Don't let the bed-dinos bite.

These effects-heavy scenes are suitably eye-popping, but Fallen Kingdom impresses most when it strips things down. Bayona’s best film remains The Orphanage, a supremely creepy fright flick about a woman searching for her missing son. (He also directed one of the finest episodes of Penny Dreadful, Showtime’s sadly neglected supernatural mash-up.) The Orphanage was a variation on the haunted-house genre, and once Fallen Kingdom transitions from the vast acreage of Isla Nublar to the sterile confines of Lockwood’s mansion—by way of a claustrophobic freighter transporting the rescued animals—it naturally acquires some clammy tension. Dinosaurs are most notable for their astonishing bigness, but Bayona is most adept in small, cramped spaces, where there’s nowhere to run and all you can do is shrink yourself against the wall and shut your eyes and pray for deliverance. Fallen Kingdom has a mammoth budget and a massive sense of scale to match, but in its third act—which is essentially an extended and elaborate game of hide-and-seek—it discovers its true calling. This isn’t an action blockbuster. It’s a horror movie.

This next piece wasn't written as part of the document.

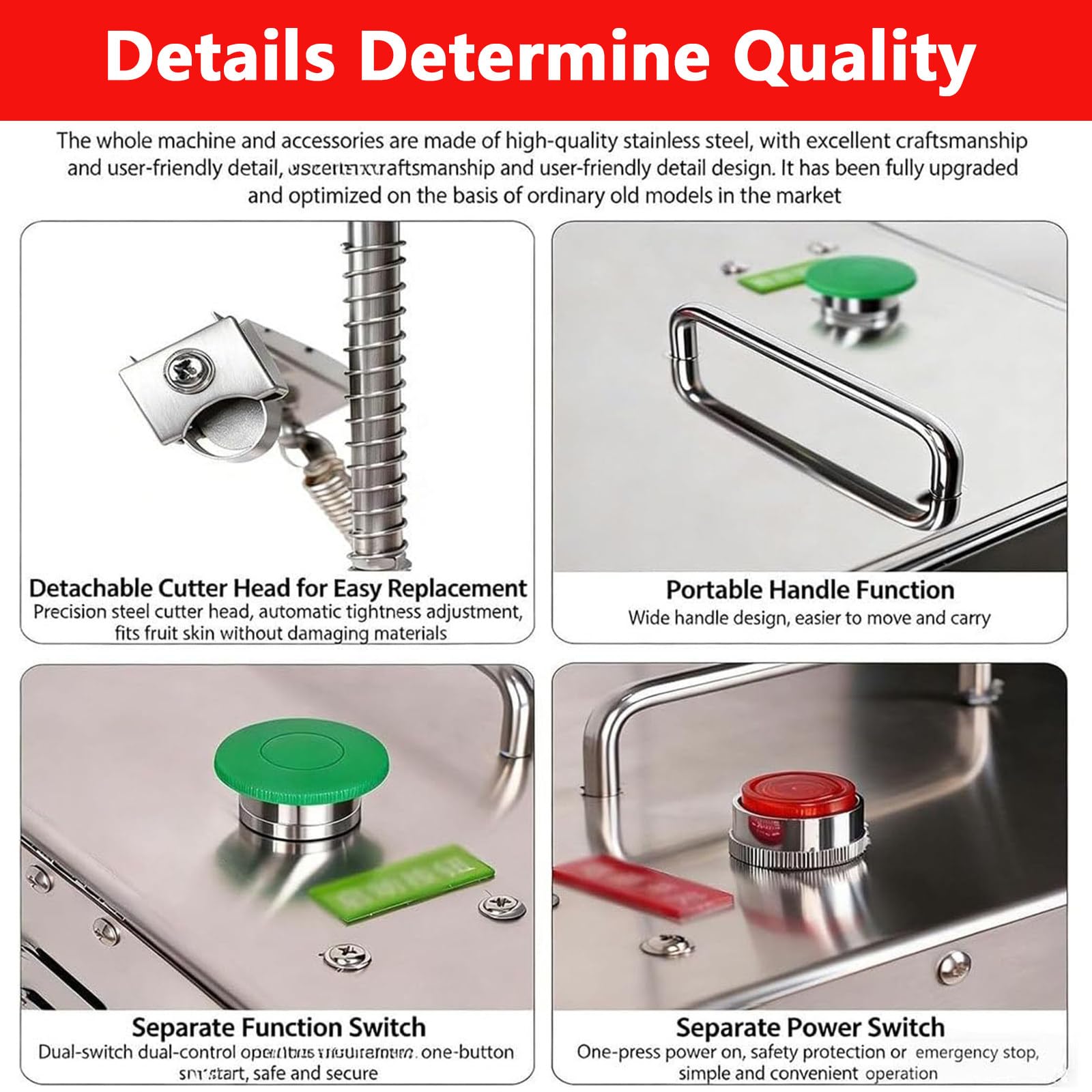 Sbucciatrice automatica per arance, pelapatate elettrico professionale in acciaio inox per limoni e arance, altezza e spessore regolabili, 500 pezzi/h, ideale per l'uso in cucine di ristoranti.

And a pretty good one, at least in stretches. In a handful of scenes—where characters are literally pulling teeth or drawing blood, scrambling across a glass dome or crouching inside a dumbwaiter—Fallen Kingdom inspires the rapt silence and fear that Spielberg once commanded so regularly. Much like the velociraptors that Owen inexplicably trains, it gets smarter as it grows older, an ironic reward for a franchise that keeps churning out more installments yet seems incapable of evolution.